- [Source records]:
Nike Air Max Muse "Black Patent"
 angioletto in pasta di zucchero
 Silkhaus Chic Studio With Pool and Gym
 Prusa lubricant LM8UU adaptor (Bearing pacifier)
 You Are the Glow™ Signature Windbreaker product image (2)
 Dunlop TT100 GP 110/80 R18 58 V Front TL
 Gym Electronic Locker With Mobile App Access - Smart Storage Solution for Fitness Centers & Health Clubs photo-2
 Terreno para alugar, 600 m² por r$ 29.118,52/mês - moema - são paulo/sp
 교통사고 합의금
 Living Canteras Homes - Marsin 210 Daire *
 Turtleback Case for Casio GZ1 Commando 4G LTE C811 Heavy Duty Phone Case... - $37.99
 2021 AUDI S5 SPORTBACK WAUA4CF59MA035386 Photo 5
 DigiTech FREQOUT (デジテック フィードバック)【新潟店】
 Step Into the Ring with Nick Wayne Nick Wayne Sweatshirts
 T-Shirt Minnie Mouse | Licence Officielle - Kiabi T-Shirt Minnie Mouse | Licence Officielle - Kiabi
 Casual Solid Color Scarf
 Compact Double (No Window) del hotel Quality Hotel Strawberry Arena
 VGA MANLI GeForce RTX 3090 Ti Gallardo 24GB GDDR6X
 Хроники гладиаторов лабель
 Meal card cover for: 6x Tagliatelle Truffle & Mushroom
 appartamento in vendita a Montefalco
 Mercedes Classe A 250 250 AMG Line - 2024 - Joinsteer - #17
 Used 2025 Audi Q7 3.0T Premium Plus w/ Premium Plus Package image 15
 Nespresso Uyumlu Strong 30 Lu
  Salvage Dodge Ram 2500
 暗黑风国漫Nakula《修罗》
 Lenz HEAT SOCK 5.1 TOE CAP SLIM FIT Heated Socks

- [Prompt]: Top to bottom, transcribe every line above exactly.

- [Answer space]:
Nike Air Max Muse "Black Patent"
 angioletto in pasta di zucchero
 Silkhaus Chic Studio With Pool and Gym
 Prusa lubricant LM8UU adaptor (Bearing pacifier)
 You Are the Glow™ Signature Windbreaker product image (2)
 Dunlop TT100 GP 110/80 R18 58 V Front TL
 Gym Electronic Locker With Mobile App Access - Smart Storage Solution for Fitness Centers & Health Clubs photo-2
 Terreno para alugar, 600 m² por r$ 29.118,52/mês - moema - são paulo/sp
 교통사고 합의금
 Living Canteras Homes - Marsin 210 Daire *
 Turtleback Case for Casio GZ1 Commando 4G LTE C811 Heavy Duty Phone Case... - $37.99
 2021 AUDI S5 SPORTBACK WAUA4CF59MA035386 Photo 5
 DigiTech FREQOUT (デジテック フィードバック)【新潟店】
 Step Into the Ring with Nick Wayne Nick Wayne Sweatshirts
 T-Shirt Minnie Mouse | Licence Officielle - Kiabi T-Shirt Minnie Mouse | Licence Officielle - Kiabi
 Casual Solid Color Scarf
 Compact Double (No Window) del hotel Quality Hotel Strawberry Arena
 VGA MANLI GeForce RTX 3090 Ti Gallardo 24GB GDDR6X
 Хроники гладиаторов лабель
 Meal card cover for: 6x Tagliatelle Truffle & Mushroom
 appartamento in vendita a Montefalco
 Mercedes Classe A 250 250 AMG Line - 2024 - Joinsteer - #17
 Used 2025 Audi Q7 3.0T Premium Plus w/ Premium Plus Package image 15
 Nespresso Uyumlu Strong 30 Lu
  Salvage Dodge Ram 2500
 暗黑风国漫Nakula《修罗》
 Lenz HEAT SOCK 5.1 TOE CAP SLIM FIT Heated Socks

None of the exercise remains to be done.